A comparison of percutaneous reduction and screw fixation versus open reduction and plate fixation of traumatic symphysis pubis diastasis.
Objective: Plate fixation, the conventional treatment for traumatic symphysis pubis diastasis, carries the risk of extensive exposure, blood loss and postoperative infections. Percutaneous screw fixation is a minimally invasive treatment. The goal of the present study was to compare the outcome of plate fixation and percutaneous screw technique in the treatment of traumatic pubic symphysis diastasis.
Methods: Ninety patients with traumatic symphysis pubis diastasis were treated from January 2003 to December 2009 at two level 1 regional trauma centers. The mean time of follow-up was 21 months (18 to 26). Forty-five patients were treated by percutaneous screw fixation. Forty-five patients were treated by plate and screws fixation. The demographic, distribution of fracture patterns, blood loss, incision length, fixation failure, malunion, revision surgery and functional scores were compared.
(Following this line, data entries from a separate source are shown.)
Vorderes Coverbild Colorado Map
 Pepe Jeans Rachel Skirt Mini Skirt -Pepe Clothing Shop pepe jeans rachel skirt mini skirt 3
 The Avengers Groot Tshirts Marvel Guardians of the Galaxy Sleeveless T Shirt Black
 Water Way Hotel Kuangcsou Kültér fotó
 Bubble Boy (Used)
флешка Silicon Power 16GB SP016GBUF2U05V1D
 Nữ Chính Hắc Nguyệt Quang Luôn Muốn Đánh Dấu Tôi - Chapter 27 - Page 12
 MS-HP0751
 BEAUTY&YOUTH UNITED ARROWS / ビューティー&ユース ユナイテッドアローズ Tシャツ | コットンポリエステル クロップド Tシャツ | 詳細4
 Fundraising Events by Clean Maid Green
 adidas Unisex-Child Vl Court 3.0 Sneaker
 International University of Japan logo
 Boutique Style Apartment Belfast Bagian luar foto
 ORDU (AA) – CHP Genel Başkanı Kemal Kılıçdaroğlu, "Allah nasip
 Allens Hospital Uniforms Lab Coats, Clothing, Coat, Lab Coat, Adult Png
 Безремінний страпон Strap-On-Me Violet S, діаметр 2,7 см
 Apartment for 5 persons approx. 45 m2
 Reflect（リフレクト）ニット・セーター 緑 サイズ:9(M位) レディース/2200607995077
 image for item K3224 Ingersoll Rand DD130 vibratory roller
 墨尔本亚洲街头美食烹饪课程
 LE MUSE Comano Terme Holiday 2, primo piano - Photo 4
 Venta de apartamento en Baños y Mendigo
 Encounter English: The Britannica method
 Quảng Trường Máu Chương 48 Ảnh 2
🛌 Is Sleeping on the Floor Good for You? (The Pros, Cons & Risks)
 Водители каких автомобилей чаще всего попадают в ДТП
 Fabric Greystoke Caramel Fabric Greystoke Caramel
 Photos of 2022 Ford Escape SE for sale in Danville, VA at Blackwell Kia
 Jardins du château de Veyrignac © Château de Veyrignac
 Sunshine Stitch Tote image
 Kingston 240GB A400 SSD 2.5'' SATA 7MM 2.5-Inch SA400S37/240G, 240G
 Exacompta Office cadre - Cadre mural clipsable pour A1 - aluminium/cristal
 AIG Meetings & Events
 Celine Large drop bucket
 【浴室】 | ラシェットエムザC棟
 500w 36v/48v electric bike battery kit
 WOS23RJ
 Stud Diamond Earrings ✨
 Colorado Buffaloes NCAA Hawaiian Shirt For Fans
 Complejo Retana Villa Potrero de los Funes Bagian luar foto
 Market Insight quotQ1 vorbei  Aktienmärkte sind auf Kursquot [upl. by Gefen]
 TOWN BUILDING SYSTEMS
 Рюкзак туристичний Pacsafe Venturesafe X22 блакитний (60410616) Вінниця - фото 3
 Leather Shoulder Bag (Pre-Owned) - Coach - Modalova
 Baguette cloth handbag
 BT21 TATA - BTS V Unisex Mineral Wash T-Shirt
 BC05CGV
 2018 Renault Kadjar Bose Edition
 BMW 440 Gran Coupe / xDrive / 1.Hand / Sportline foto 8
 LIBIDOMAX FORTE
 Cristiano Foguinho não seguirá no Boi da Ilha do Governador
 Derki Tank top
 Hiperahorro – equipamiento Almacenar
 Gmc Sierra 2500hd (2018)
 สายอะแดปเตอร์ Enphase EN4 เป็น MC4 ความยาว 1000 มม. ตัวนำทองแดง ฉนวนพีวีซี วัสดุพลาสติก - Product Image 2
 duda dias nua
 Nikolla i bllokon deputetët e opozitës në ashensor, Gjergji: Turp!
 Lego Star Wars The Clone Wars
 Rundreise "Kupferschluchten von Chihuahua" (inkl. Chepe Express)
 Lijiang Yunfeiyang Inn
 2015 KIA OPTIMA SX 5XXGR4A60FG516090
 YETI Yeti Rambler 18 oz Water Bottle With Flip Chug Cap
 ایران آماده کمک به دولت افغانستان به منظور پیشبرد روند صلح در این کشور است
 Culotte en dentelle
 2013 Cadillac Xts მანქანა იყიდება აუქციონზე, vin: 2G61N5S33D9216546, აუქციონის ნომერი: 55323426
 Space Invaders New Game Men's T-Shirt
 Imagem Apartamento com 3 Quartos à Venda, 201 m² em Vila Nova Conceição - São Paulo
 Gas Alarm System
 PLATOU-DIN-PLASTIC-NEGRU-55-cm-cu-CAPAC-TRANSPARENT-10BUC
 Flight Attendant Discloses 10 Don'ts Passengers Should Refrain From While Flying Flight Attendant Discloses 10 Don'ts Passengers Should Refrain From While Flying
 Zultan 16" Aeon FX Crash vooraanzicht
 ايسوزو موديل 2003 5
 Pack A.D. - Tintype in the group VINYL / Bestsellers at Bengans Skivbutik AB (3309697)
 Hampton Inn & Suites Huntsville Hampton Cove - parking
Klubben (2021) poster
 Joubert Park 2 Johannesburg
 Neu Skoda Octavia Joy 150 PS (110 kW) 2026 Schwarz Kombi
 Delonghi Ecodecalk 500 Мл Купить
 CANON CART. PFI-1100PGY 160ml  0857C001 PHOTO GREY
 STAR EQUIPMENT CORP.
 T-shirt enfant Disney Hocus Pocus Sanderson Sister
Results: Seven cases were lost during follow-up. Demographics (age and gender), fracture classification and Injury Severity Score were comparable in the two groups (P > 0.05). Blood loss and extensive exposure were much less in screw group (P < 0.01). Patients in screw group achieved better functional performance (P = 0.01). There were no significant differences favoring plate fixation in reduction quality (P = 0.32), implant failure (P = 0.39), malunion (P = 0.15), revision surgery rates (P = 0.27), percentage of impotence in the male patients (P = 0.2) and implant removal time (P = 0.12) between the two groups.
Conclusions: Our results indicate that besides lower rate of iatrogenic injuries and better functional outcome, percutaneous screw fixation of the pubic symphysis is as strong as plate fixation.